Bid to share in Nobel denied U.S. Korean War vets


CHICAGO -- Thinking they had received long-awaited recognition, more than 100 Korean War veterans in the United States hoped to stand prouder at Memorial Day parades this year.

They plunked down $115 or more each in recent weeks for what was billed as "unique proof" that Korean-era soldiers were part of the Nobel Peace Prize of 1988 awarded to United Nations peacekeepers.

For that, they received a certificate from a Danish marketing firm emblazoned with the U.N. logo, bearing the signature of a Norwegian defense minister, certifying them as members of the U.N. peacekeeping forces.

It came with a simple white copy of the Nobel diploma. And it was packaged with a gold gilt "International Peace Prize Medal 1988" hanging from a light blue ribbon decked with the colors of the Norwegian flag and the words "The Nobel Peace Prize 1988."
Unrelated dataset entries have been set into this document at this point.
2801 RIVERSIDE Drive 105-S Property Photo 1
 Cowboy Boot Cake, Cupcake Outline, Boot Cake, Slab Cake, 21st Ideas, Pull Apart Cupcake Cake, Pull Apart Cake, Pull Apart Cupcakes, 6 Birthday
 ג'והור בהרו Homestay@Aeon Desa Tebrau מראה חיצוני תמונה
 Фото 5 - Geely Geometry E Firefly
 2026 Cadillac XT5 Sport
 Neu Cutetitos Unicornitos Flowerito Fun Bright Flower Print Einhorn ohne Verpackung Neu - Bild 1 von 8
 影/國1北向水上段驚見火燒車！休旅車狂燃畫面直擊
But as the Chicago Tribune investigated the honors, Nobel Peace Prize officials said last week that Korean War veterans are not part of the 1988 prize.

It appears many who bought the medals may have been deceived. At best, they are victims of transcontinental confusion created when several officials with a Norwegian U.N. veterans association took it upon themselves to recognize the long-ignored Korean War veterans.

The truth seems to have been lost in translation.

The Norwegian Nobel Committee gave its vaunted Peace Prize in 1988 to U.N. peacekeepers who saw action beginning with the Suez Canal crisis in 1956 - three years after an armistice established a cease-fire in the Korean War - said Geir Lundestad, a historian and director of the Norwegian Nobel Institute in Oslo. Only one medal was awarded, presented to the U.N. with $339,000 in prize money.

The Bergen og Hordaland U.N.-Veteran Association in southern Norway lobbied Nobel officials and the government in the 1990s for permission to issue a commemorative medal and certificates, as a way for individual peacekeepers to share in the honor.

Nobel officials and Norwegian authorities said they agreed to allow them to create and market a medal. Today, it is considered one of Norway's highest honors.

The first deviation from the intent of that medal came in 1995.

The Bergen peace-keeping veterans association and its national parent organization decided to make the Norwegian Korean War veterans eligible for the medal, according to Erik-A Tangedal, a medal committee member, apparently without permission from the government.

Later, the veterans extended medal eligibility to their peacekeeping brethren worldwide, Tangedal wrote in an e-mail to the Tribune. Norway's Department of Defense gave permission for the international marketing efforts, according to Tangedal, though a spokesman for Norway's current chief of defense says nobody has authority to give medals to foreigners.

Tangedal wrote that the Korean War is listed as a U.N. peace-keeping mission by the Foreign Department in Norway. However, the U.N. does not consider it one.

In fall 2004, a handful of Norwegian veterans met in southern Norway and took it one step further, deciding that the U.S. Korean War veterans should be included in the Nobel recognition, said Finn Andersen, 75, who is also a Bergen medals committee member.

The veterans extrapolated from two history books showing that the Korean War was conducted under the U.N. flag, Andersen said in a telephone interview. The group never consulted with the Nobel office to determine whether the Nobel prize applied to Korean War veterans, he said, or consulted with the U.N. to see whether the war was considered a U.N. peacekeeping mission.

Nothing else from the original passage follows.